Supplied information:
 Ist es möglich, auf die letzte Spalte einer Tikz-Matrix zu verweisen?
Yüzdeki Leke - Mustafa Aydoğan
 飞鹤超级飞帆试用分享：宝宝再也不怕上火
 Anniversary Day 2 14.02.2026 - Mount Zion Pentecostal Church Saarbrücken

---

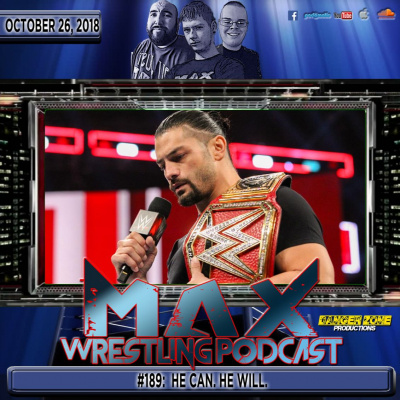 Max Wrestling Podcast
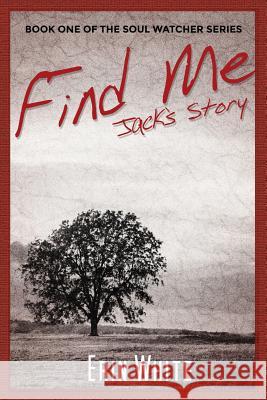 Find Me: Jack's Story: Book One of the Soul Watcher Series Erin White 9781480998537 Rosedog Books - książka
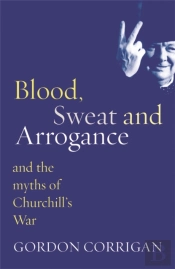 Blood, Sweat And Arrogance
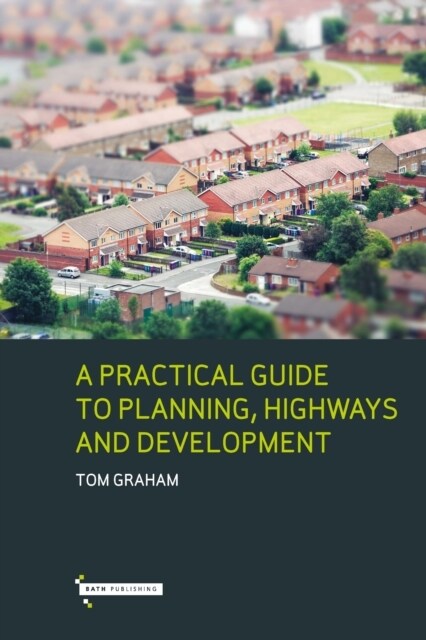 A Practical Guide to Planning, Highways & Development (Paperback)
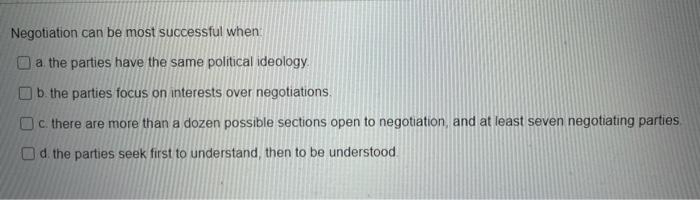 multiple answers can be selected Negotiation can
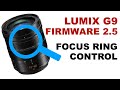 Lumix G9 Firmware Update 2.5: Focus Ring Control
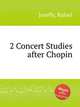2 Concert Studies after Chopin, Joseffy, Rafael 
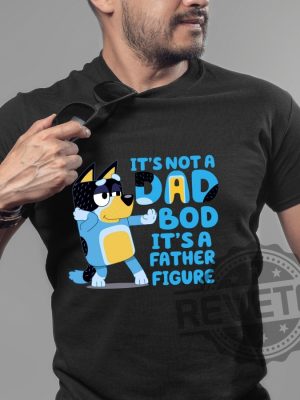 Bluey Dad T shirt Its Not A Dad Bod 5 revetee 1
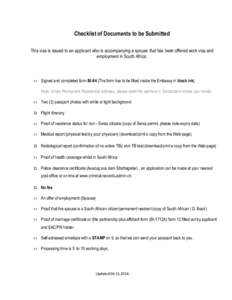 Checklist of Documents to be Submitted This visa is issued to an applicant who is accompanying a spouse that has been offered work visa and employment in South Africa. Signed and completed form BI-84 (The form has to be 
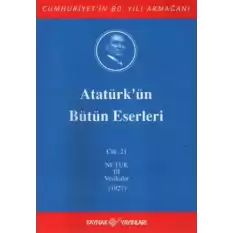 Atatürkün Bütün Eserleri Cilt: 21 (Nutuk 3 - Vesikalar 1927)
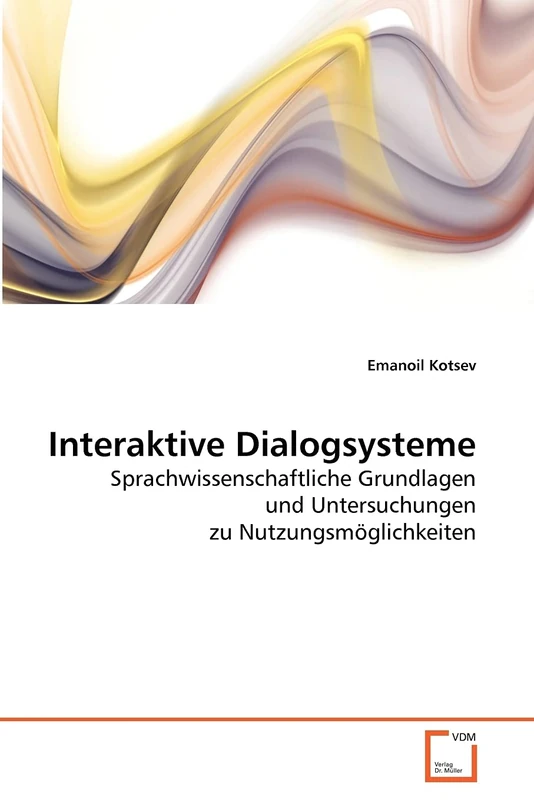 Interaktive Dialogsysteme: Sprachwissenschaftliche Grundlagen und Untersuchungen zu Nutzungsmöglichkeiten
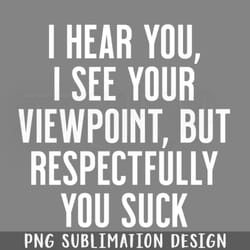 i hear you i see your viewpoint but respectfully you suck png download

...

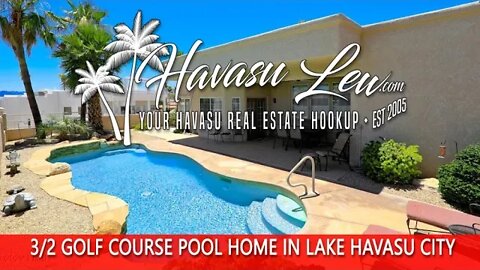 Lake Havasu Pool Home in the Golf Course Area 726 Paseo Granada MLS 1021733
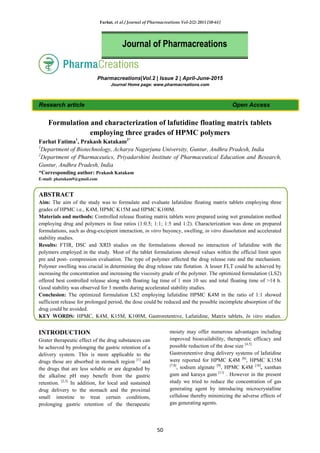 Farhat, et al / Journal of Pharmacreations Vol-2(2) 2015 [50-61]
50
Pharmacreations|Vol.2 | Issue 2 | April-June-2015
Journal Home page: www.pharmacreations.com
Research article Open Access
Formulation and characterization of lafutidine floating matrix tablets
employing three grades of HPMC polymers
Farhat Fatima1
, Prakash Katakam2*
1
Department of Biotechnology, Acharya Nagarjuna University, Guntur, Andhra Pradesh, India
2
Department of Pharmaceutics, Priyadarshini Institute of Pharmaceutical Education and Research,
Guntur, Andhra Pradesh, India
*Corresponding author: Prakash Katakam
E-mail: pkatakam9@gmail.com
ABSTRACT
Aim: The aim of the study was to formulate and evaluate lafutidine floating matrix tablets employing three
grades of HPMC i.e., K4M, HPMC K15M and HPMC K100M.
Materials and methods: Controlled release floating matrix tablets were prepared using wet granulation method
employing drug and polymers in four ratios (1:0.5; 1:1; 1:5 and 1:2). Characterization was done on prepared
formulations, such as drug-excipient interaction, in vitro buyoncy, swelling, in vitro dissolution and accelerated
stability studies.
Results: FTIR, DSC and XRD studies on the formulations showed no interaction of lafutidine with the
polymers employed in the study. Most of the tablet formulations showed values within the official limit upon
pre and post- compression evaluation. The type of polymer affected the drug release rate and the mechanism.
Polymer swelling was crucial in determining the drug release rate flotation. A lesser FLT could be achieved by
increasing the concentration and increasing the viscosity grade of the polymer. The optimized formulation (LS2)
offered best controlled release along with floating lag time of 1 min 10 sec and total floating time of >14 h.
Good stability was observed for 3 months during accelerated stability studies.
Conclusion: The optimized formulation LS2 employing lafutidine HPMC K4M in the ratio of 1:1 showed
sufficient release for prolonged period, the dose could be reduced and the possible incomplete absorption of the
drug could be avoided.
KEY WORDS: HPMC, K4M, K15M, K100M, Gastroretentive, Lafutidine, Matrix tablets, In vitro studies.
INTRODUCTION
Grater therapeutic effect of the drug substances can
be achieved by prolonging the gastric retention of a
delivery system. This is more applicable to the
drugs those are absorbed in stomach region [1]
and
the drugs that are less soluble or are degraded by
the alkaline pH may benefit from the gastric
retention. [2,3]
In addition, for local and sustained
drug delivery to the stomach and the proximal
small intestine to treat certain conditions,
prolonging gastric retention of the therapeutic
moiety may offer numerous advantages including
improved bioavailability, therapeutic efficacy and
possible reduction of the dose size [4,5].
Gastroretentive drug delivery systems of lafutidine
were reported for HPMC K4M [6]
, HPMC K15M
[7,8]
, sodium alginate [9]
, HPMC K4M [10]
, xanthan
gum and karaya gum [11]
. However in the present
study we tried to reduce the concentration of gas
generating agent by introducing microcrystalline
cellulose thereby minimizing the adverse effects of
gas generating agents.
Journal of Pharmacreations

Instructions for the task:
Print only what lies in the material above starting at the line with "Ist es möglich, auf" and ending at the line with "Anniversary Day 2", every line exactly as given.

Solution:
 Ist es möglich, auf die letzte Spalte einer Tikz-Matrix zu verweisen?
Yüzdeki Leke - Mustafa Aydoğan
 飞鹤超级飞帆试用分享：宝宝再也不怕上火
 Anniversary Day 2 14.02.2026 - Mount Zion Pentecostal Church Saarbrücken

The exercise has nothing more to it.